| Literature DB >> 27084951 |
Hansi Weissensteiner1, Dominic Pacher2, Anita Kloss-Brandstätter2, Lukas Forer2, Günther Specht3, Hans-Jürgen Bandelt4, Florian Kronenberg2, Antonio Salas5, Sebastian Schönherr6.
Abstract
Mitochondrial DNA (mtDNA) profiles can be classified into phylogenetic clusters (haplogroups), which is of great relevance for evolutionary, forensic and medical genetics. With the extensive growth of the underlying phylogenetic tree summarizing the published mtDNA sequences, the manual process of haplogroup classification would be too time-consuming. The previously published classification tool HaploGrep provided an automatic way to address this issue. Here, we present the completely updated version HaploGrep 2 offering several advanced features, including a generic rule-based system for immediate quality control (QC). This allows detecting artificial recombinants and missing variants as well as annotating rare and phantom mutations.

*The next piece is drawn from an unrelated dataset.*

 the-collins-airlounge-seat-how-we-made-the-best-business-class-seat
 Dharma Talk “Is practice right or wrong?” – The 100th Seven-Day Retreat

Furthermore, the handling of high-throughput data in form of VCF files is now directly supported. For data output, several graphical reports are generated in real time, such as a multiple sequence alignment format, a VCF format and extended haplogroup QC reports, all viewable directly within the application. In addition, HaploGrep 2 generates a publication-ready phylogenetic tree of all input samples encoded relative to the revised Cambridge Reference Sequence. Finally, new distance measures and optimizations of the algorithm increase accuracy and speed-up the application. HaploGrep 2 can be accessed freely and without any registration at http://haplogrep.uibk.ac.at.Entities:
Mesh:
Substances:
Year: 2016 PMID: 27084951 PMCID: PMC4987869 DOI: 10.1093/nar/gkw233
Source DB: PubMed Journal: Nucleic Acids Res ISSN: 0305-1048 Impact factor: 16.971
HaploGrep 2 runtime and concordance over different metrics
| NGS mtDNA dataset | Sample size | Full concordance over all metrics | HaploGrep 2 Runtime (including QC) |
|---|---|---|---|
| 1000G Phase 1 | 1,074 | 98.0% | 5.7 s |
| Li | 2,000 | 95.1% | 7.7 s |
| 1000G Phase 3 | 2,504 | 93.9% | 13.0 s |
Full concordance means that all samples are classified into the same haplogroup for the different metrics. The HaploGrep 2 runtime refers to the calculation of the Kulczynski distance including all quality checks from the rule-based engine. The detailed results are provided in Supplementary Tables S2, 3 and 4.
Figure 1.Excerpt of the 1000G Phase 1 data generated with the new provided ‘Graphical Phylogenetic Tree’. Polymorphisms in the tips of the phylogeny are candidates for new haplogroups, see for instance the samples belonging to haplogroup D4j15, (confirmed to be related (ftp://ftp.1000genomes.ebi.ac.uk/vol1/ftp/technical/working/20130606_sample_info/20130606_sample_info.xlsx)) or samples HG00699 and HG00421 (not related). Polymorphisms marked in red are not occurring in Phylotree and may require additional attention, whereas mutations in blue are private polymorphisms for this group, already known by Phylotree. The annotation of amino acid changes and mutational hotspots (green) can be defined by the user, thereby hotspots at positions 16182, 16183 and 16519, AC insertion and deletions at 515–524, inserts at 16193 as well as variation around position 310 and point heteroplasmies can be excluded for the phylogenetic reconstruction.